● WHAT THIS TASK INVOLVES
Leave every image behind and restate the data word for word.

● GIVEN MATERIAL
★ ★ ★ ★
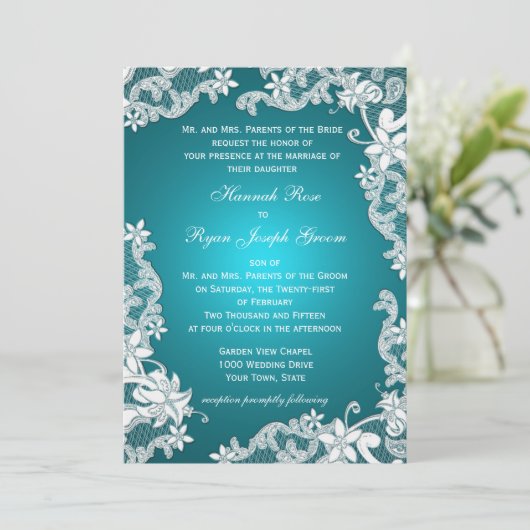 ヴィンテージカントリーフローラデザインアクア 招待状 (スタンド正面)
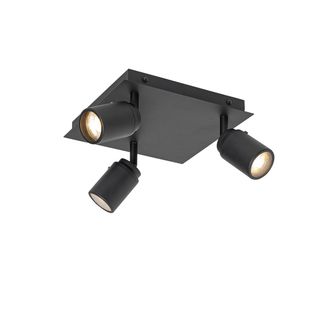 QAZQA Qazqa Moderno Foco De Ba&ntilde;o Inteligente Cuadrado Negro Ip44 Con 3 Wifi Gu10 - Ducha Acero /aluminio /vidrio Cuadrada Adecuado Para Led Max. 3 X 4.8 Wat
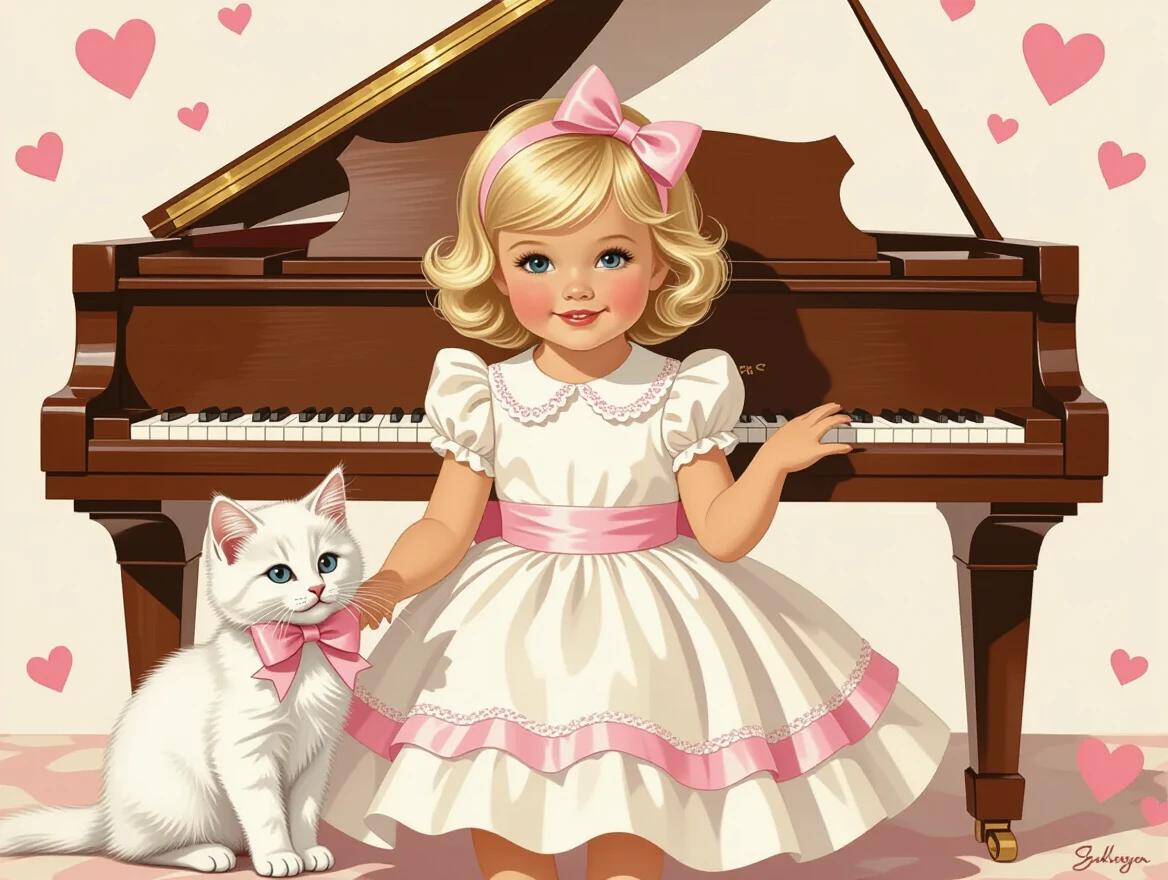 Old Money blonde little Girl in a white and pink frilly dress with a white kitten. Celebrating Valentine's Day while playing a Steinway Piano. Artwork inspired by Gil Elvgren, James Gurney, Kinuko Craft, Loish, and Mary Blair.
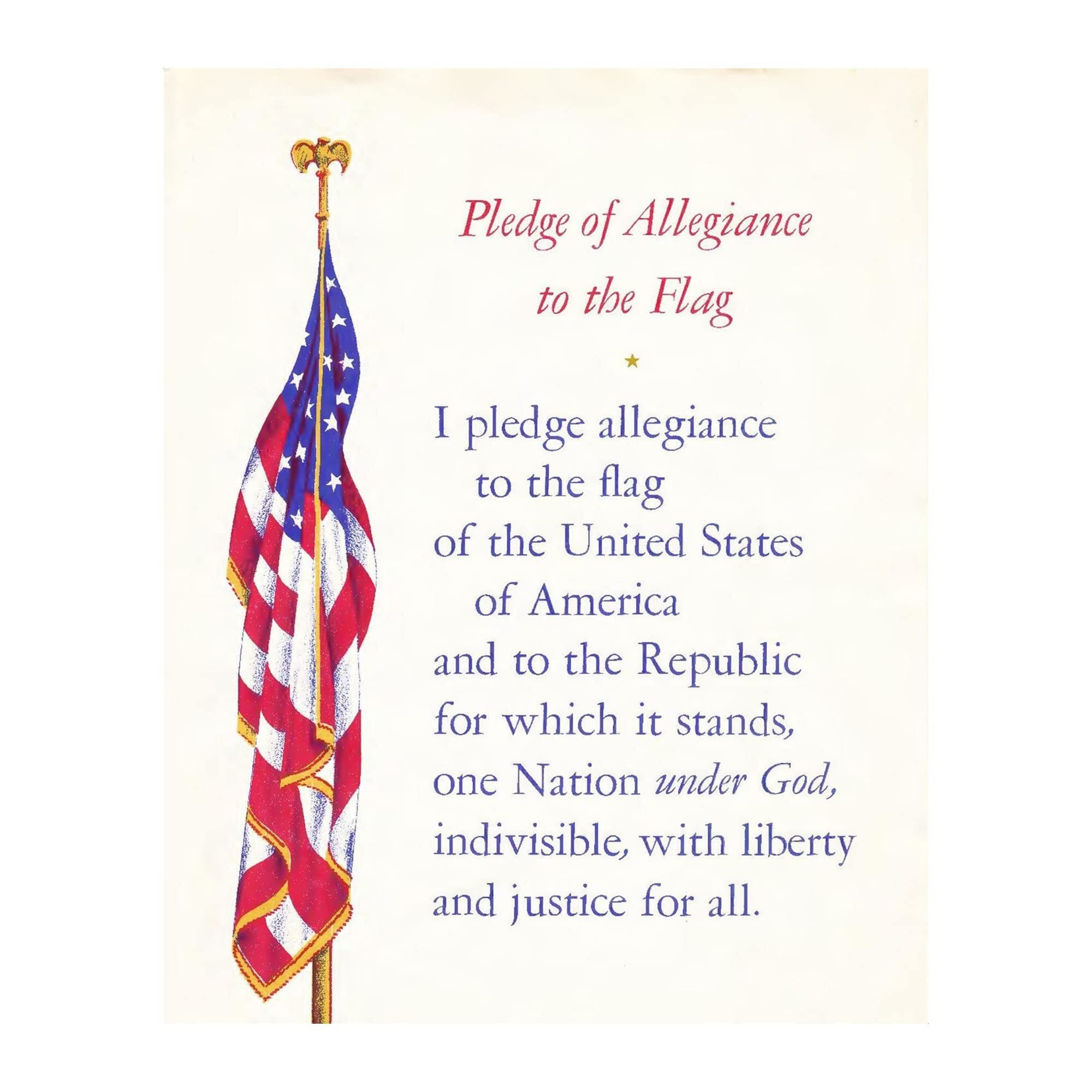 The Pledge of Allegiance Patriotic Wall Art Print, Inspirational Decor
★ ★ ★ ★
● EXERCISE RESULT
 ヴィンテージカントリーフローラデザインアクア 招待状 (スタンド正面)
 QAZQA Qazqa Moderno Foco De Ba&ntilde;o Inteligente Cuadrado Negro Ip44 Con 3 Wifi Gu10 - Ducha Acero /aluminio /vidrio Cuadrada Adecuado Para Led Max. 3 X 4.8 Wat
 Old Money blonde little Girl in a white and pink frilly dress with a white kitten. Celebrating Valentine's Day while playing a Steinway Piano. Artwork inspired by Gil Elvgren, James Gurney, Kinuko Craft, Loish, and Mary Blair.
 The Pledge of Allegiance Patriotic Wall Art Print, Inspirational Decor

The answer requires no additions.